首次去比勒費爾德的旅程強化了研究所的國際身份。1988年,應諾貝爾獲獎者萊因·哈德澤爾騰的邀請,艾利諾·奧斯特羅姆第二次去比勒費爾德。此行為她自己的突破性研究奠定了基礎,至少提高了她的公眾知名度。
艾利諾·奧斯特羅姆最近參與了國家研究局在公共資源、共享資源、灌溉系統和漁場的研究。通過這些研究項目,她已收集到了全世界各地關于公共資源管理的大量實例。她的目標是比較公共資源的區域管理方式的區別,并希望揭示成功的公共財產管理的規則。“我近似瘋狂地尋找最基本的規則”,她說,“但我就是找不到。我發現有些規則對私人財產管理有效,有些對公眾財產管理有效,有些對政府財產管理有效。但卻沒有任何規則對3種財產管理都有效。”
雖然遭受打擊,但艾利諾·奧斯特羅姆沒有停止其探尋多種設計原則的研究。“想想建筑學”,她說,“學生學習設計原則,例如如何使門廊足夠寬,廚房的氣味遠離臥室。然后,他們有了藍圖,用具體的方法來運用那些設計原則。”因此,雖然艾利諾·奧斯特羅姆仍未發現公共資源管理的藍圖,但她發現,保持邊界不受入侵和共同監管非法行為的規則在公共資源管理領域可成功套用。
1990年,她所作的努力呈現在她的著作《公共資源的管理之道》中。這一著作再次反駁了認為私有化或政府管理是管理公共財產的最佳計劃 的傳統思想。
并非萬能藥
緊接著《公共資源的管理之道》,艾利諾·奧斯特羅姆更細致地研究各種類型的公共資源。“我開始和在尼泊爾的同事共同研究。而且,我們建立了一個龐大的灌溉資源數據庫,并對此開展了一系列的研究”,她說。研究結果表明,農民管理的系統比政府管理的系統更勝一籌。
1992年,聯合國糧農組織讓艾利諾·奧斯特羅姆研究森林資源。自此,艾利諾·奧斯特羅姆在國際森林資源和機構項目上花費了大量時間。

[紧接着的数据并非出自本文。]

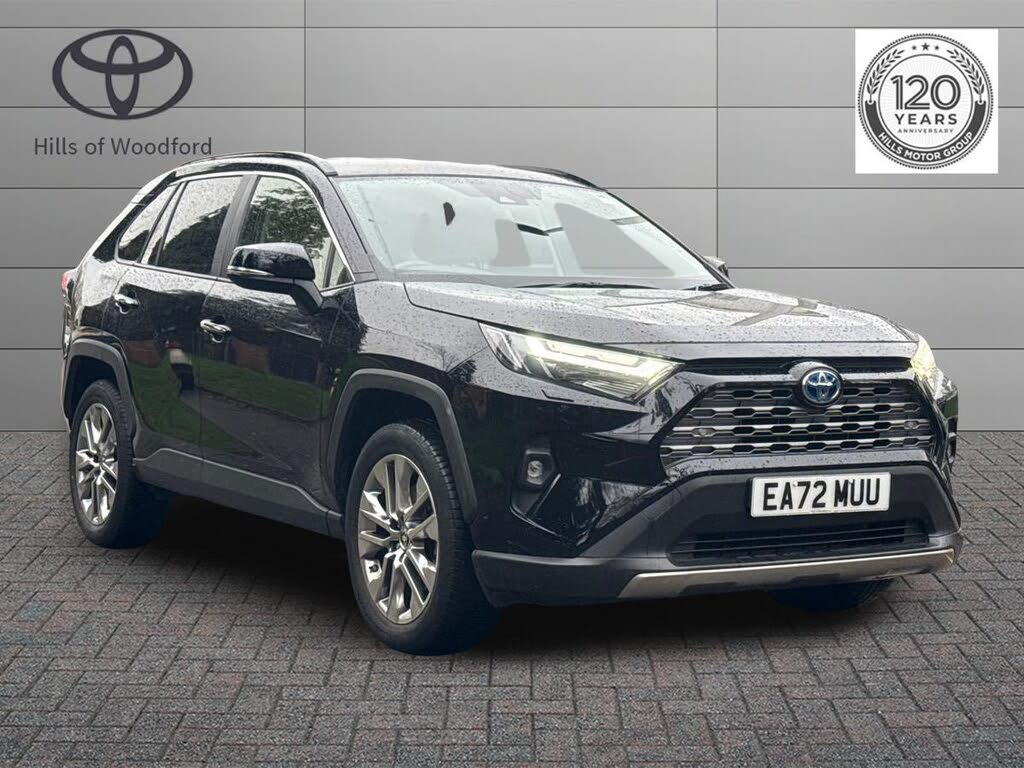 2022 Toyota RAV4 2.5 VVT-i Excel (215bhp)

在此前的研究中,艾利諾·奧斯特羅姆采用了綜合方法去研究公共資源。她應用遠程衛星傳感技術進行研究更彰顯了她的多才多藝。這一技術的應用讓她能直接觀察到不同管理方式對森林區域和條件的影響。艾利諾·奧斯特羅姆再次注意到,區域監控有助于確保森林資源的可持續發展。這一一再重現的使用者管理思想對于可持續發展別具意義,因為它反駁了“大眾的悲哀”思想所預見的悲慘未來。人類希望使個人效用最大化的思想不可避免地破壞了資源的長期有效性。

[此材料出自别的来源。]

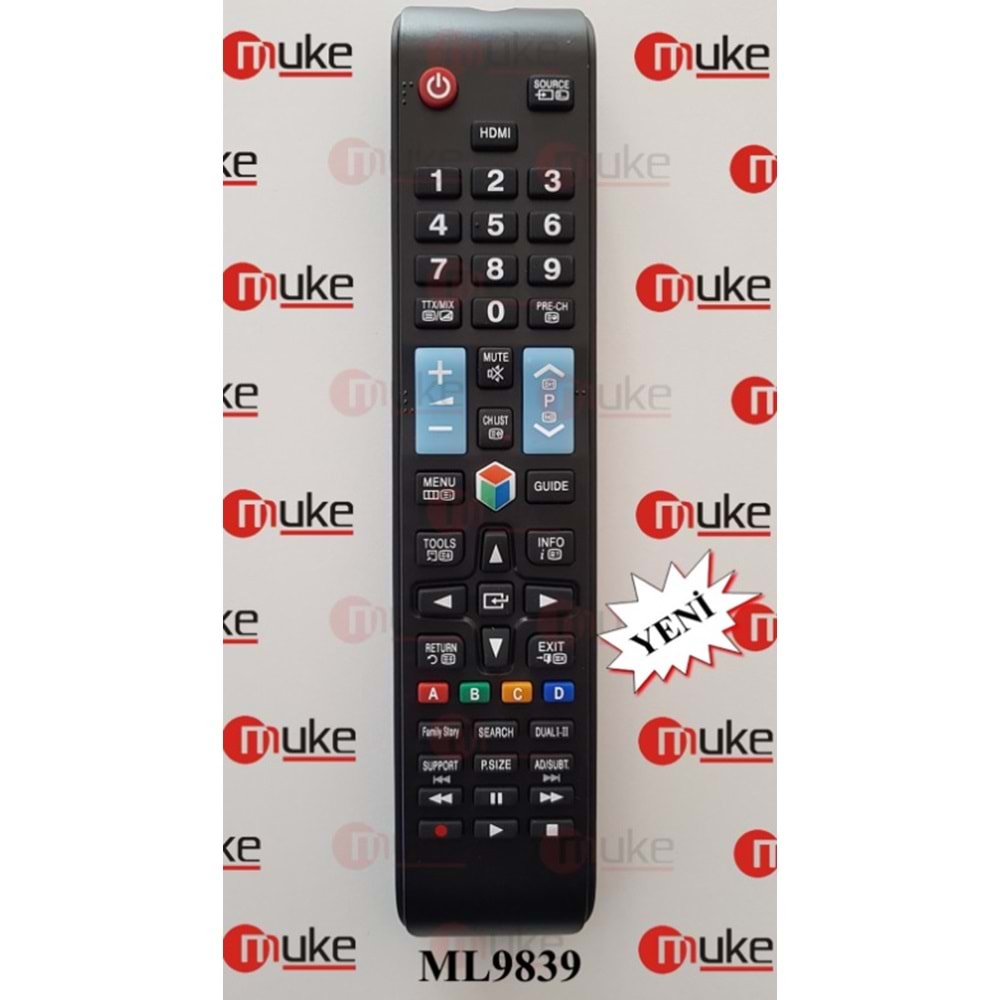 MUKE ML9839 SAMSUNG HDMI SMART TV KUMANDASI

“我從實驗室研究或實地研究發現,有些人確實是天生罪惡,但絕大多數人只是被扭曲了心靈。其實,他們也關心別人。如果置身于互信和互惠的社會,他們也會關心別人”,她說,“這一被扭曲的一面至關重要。”
但是,艾利諾·奧斯特羅姆擔心有些人也許會濫用她的研究發現。“有些人告訴我,我們的研究發現正是他們倡議廢除中央集權制的原因”,她說,“但我對此感到不高興,因為他們把我所倡導的過于簡單化地運用。”
艾利諾·奧斯特羅姆希望引起大家注意——對一種資源中的所有成員使用同一套指引的潛在危險,例如森林或漁場。在即將出版的PNAS雜志特刊中,一篇名為《并非萬能藥》的文章將呈現她和同事的研究成果。她說:“這種醫治所有病癥的萬能藥的問題在于,他們假設人類沒有技能,盡管他們有一整套法律和讓他們運用法律的場所——法庭。”艾利諾·奧斯特羅姆知道這一思想是另一個錯誤的假設。如一個通過30多年成功進行跨學科政策分析研究的人一樣,她知道,人類可以在適當的環境創造出解決方法。